[Collected data]
☆ ☆ ☆ ☆ ☆

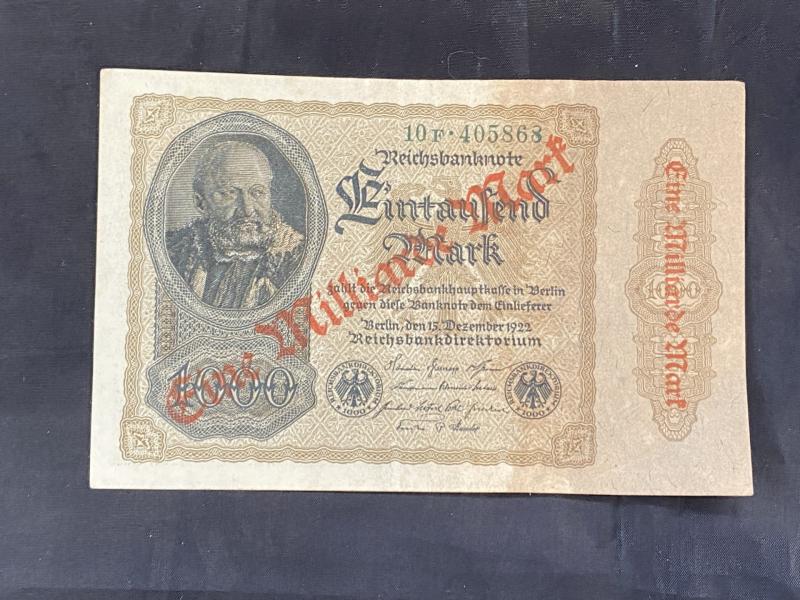 1000 MARK REICHSBANKNOTE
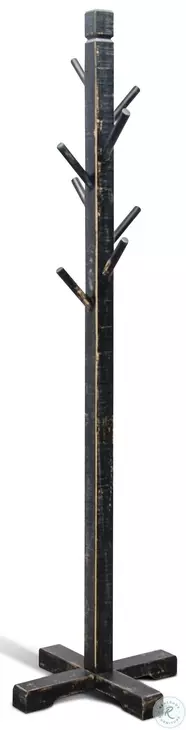 Seabright Black 8 Prong Hook Hat Rack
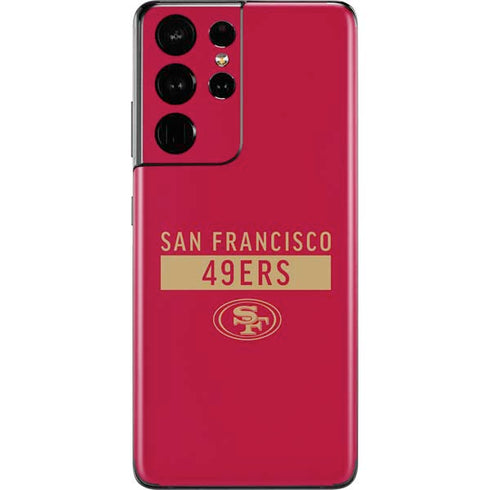 NFL San Francisco 49ers Red Performance Series Galaxy S21 Ultra 5G Skin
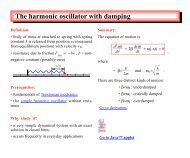 The harmonic oscillator with damping - Zeth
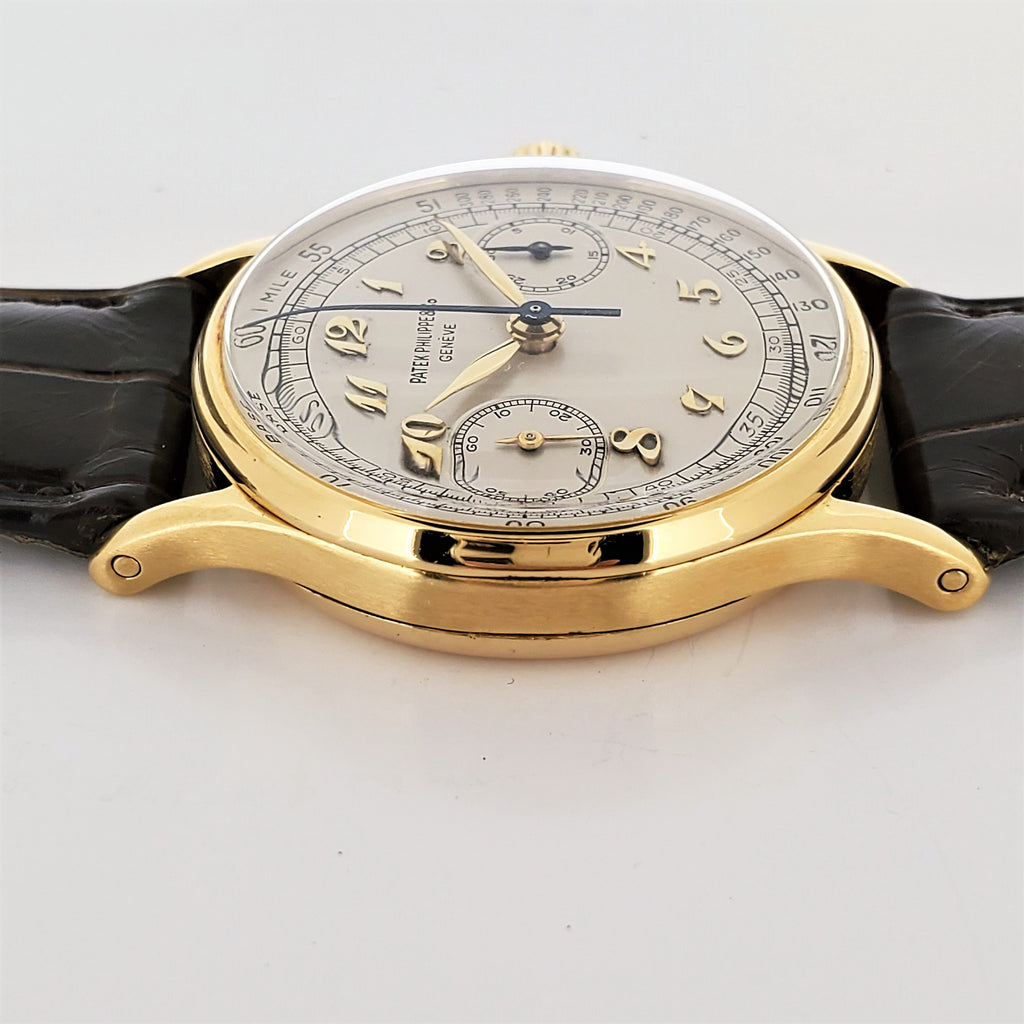 Patek Philippe 130J Original Breguet Dial Chronograph Watch circa 1944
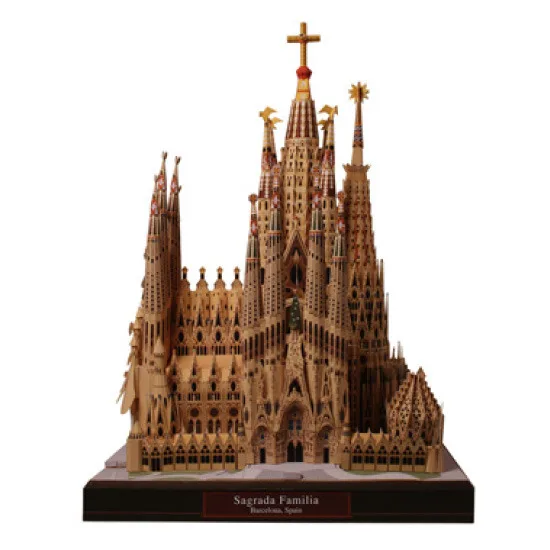 Holy Family GAUDI Barcelona Sagrada Familia Handcraft DIY Card Paper Model Kit Handmade Toy Puzzles papercrafts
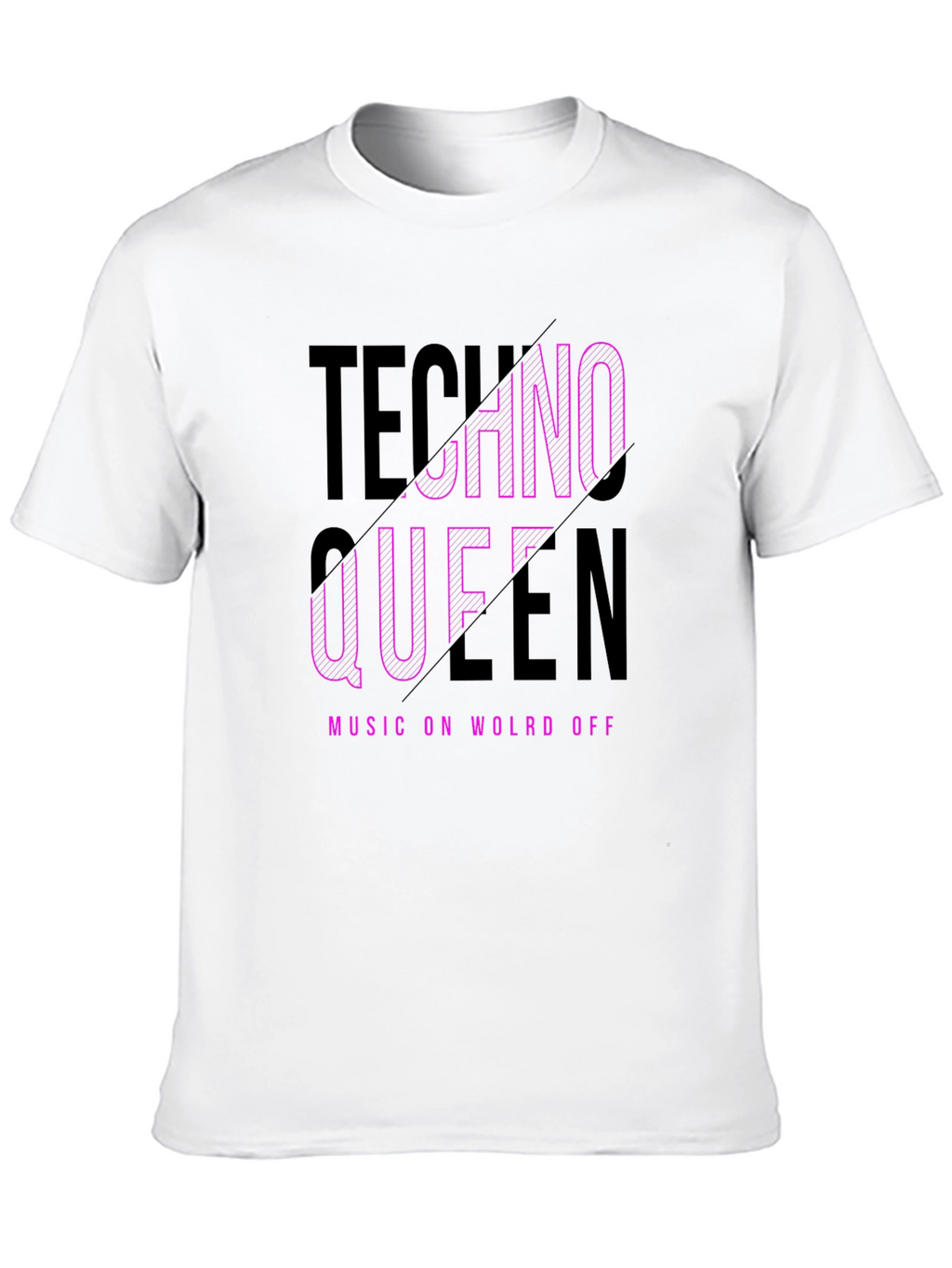 Techno Queen Graphic Black T-Shirt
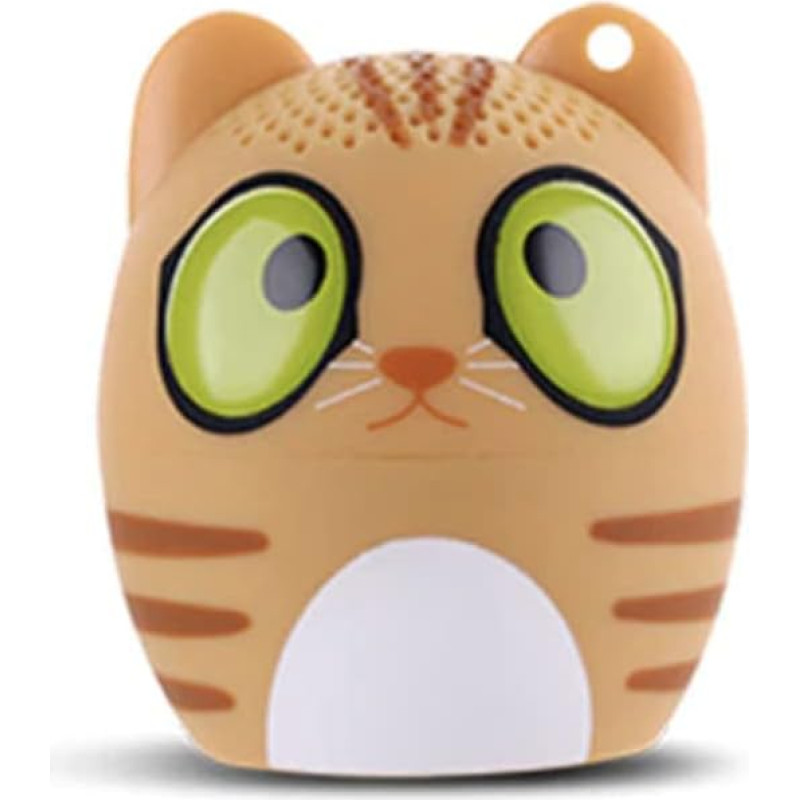 Vellichor Europe Cocoa the Cat! | Mini Bluetooth Speaker | Ultra Portable | Wireless Travel | Great Loud Clear Sound | Microphone for Calls Connect Smartphone Laptop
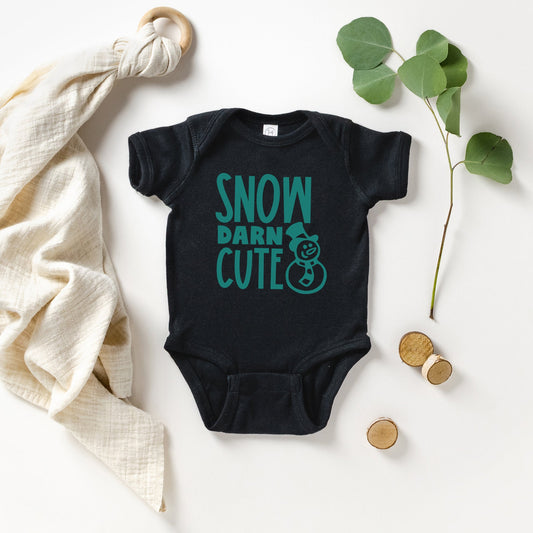 Snow Darn Cute | Baby Graphic Short Sleeve Bodysuit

☆ ☆ ☆ ☆ ☆

* What to do: Please retype exactly the lines from the line containing "Vellichor Europe Cocoa" through the final line of the records above, inclusive, leaving out any pictures.

* Solved exercise:
 Vellichor Europe Cocoa the Cat! | Mini Bluetooth Speaker | Ultra Portable | Wireless Travel | Great Loud Clear Sound | Microphone for Calls Connect Smartphone Laptop
 Snow Darn Cute | Baby Graphic Short Sleeve Bodysuit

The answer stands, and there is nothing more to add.